In un tempo in cui il corpo femminile è spesso raccontato dagli altri — giudicato, corretto, mostrato, nascosto — la danza orientale offre uno spazio sacro: un ritorno.
Un modo per ascoltare, accogliere ed esprimere la propria femminilità in modo autentico, senza bisogno di adattarsi a modelli esterni.
La danza orientale non modella: rivela
La danza orientale non chiede di essere qualcun’altra.
Non impone linee rigide o pose prestabilite.
Ti invita a sentire. A fluire.

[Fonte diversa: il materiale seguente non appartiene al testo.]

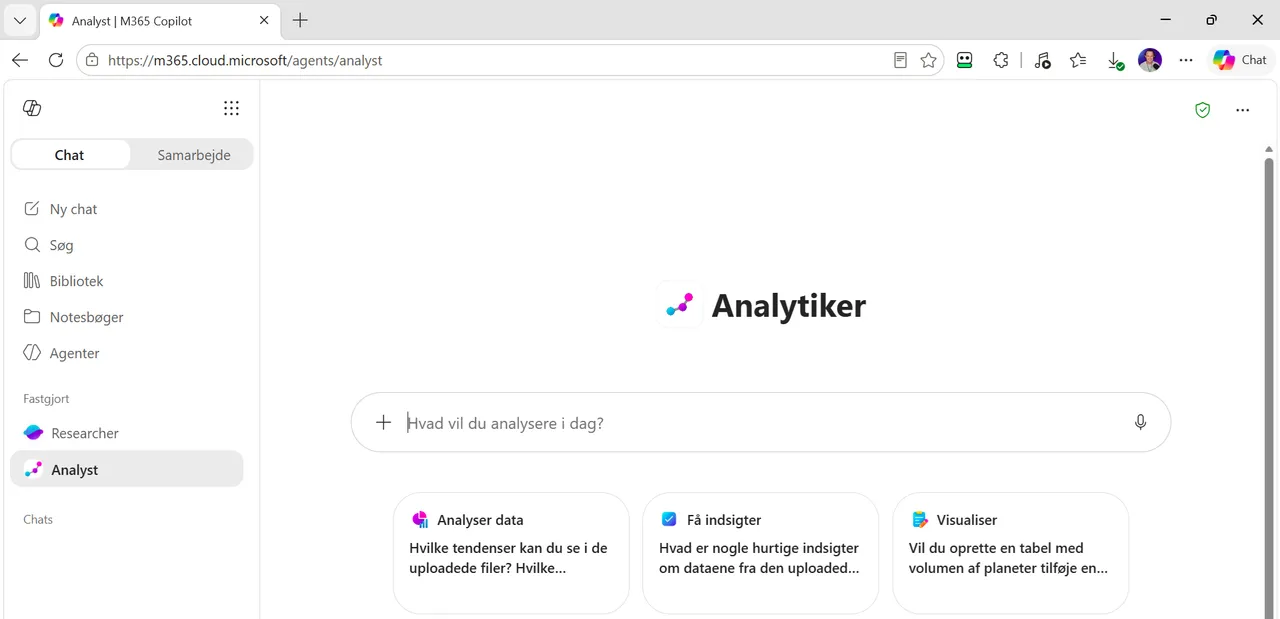 Analytiker-agenten åbnet i Microsoft 365 Copilot med dansk brugerflade, prompt-felt og tre forslag til at analysere data, få indsigter og visualisere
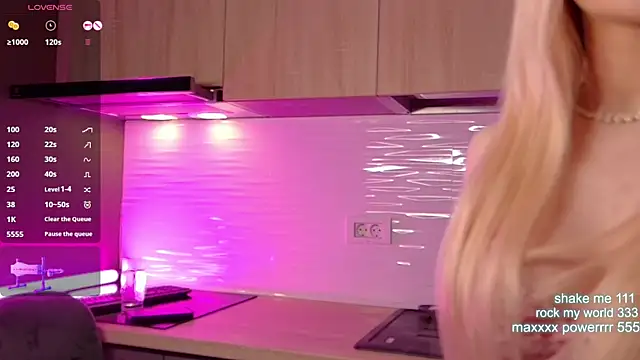 CutiePie69   online show from 11/13/25, 08:41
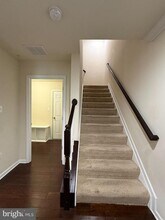 7018 Foxton Way in Elkridge, MD - Building Photo - Building Photo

A occupare lo spazio con il tuo corpo reale, quello di oggi, non quello immaginato o confrontato.
Ogni gesto nasce dall’interno: dal ventre, dal respiro, dal cuore.
È un movimento che si offre, non che si impone.
E in questo gesto morbido, circolare, personale… la femminilità si riappropria del suo significato: non oggetto da guardare, ma presenza da vivere.
Femminilità: una parola da riscrivere
Molte donne arrivano alla danza orientale pensando di “non essere adatte”: troppo rigide, troppo in carne, troppo timide, troppo “non abbastanza”.
E poi qualcosa accade.
- Il corpo si scioglie.
- La voce interiore si fa più gentile.
- I movimenti diventano carezze verso sé stesse.
- Lo sguardo cambia: si specchia dentro, non fuori.
La danza orientale insegna che la femminilità non è qualcosa da dimostrare, ma da ascoltare. Non è una forma, è una vibrazione.
I tre gesti della riconnessione
Ecco tre simboli del movimento che aiutano a riscoprirsi come donne, dentro la danza orientale:
1. Ascoltare
Portare l’attenzione al respiro, al ventre, al bacino.
Muoversi lentamente per sentire cosa succede dentro, prima ancora che fuori.
2. Accogliere
Lasciare andare l’idea di “dover danzare bene”.
Accogliere ogni movimento come valido, ogni esitazione come parte del processo.
3. Esprimere
Aprire le mani, muovere il petto, danzare anche con lo sguardo.
Esprimere se stesse non per farsi vedere, ma per ritrovarsi.
Una breve pratica ispirata
Mettiti in piedi, scalza.
Chiudi gli occhi.
Porta le mani sul ventre. Respira.
Inizia un movimento circolare, piccolo, lento, che nasce dal bacino.
Lascia che le spalle si ammorbidiscano. Le mani si aprano.
Non devi piacere a nessuno. Solo sentirti.
La femminilità non è una performance.
È un gesto intimo che può essere riscoperto ogni giorno, a ogni età, in ogni fase della vita.
La danza orientale ci offre una strada fatta di movimenti antichi e attuali, profondi e semplici.
Una strada che porta verso casa: il nostro corpo, la nostra voce, il nostro sentire.
Riscoprirsi è danzare. Anche solo con un respiro.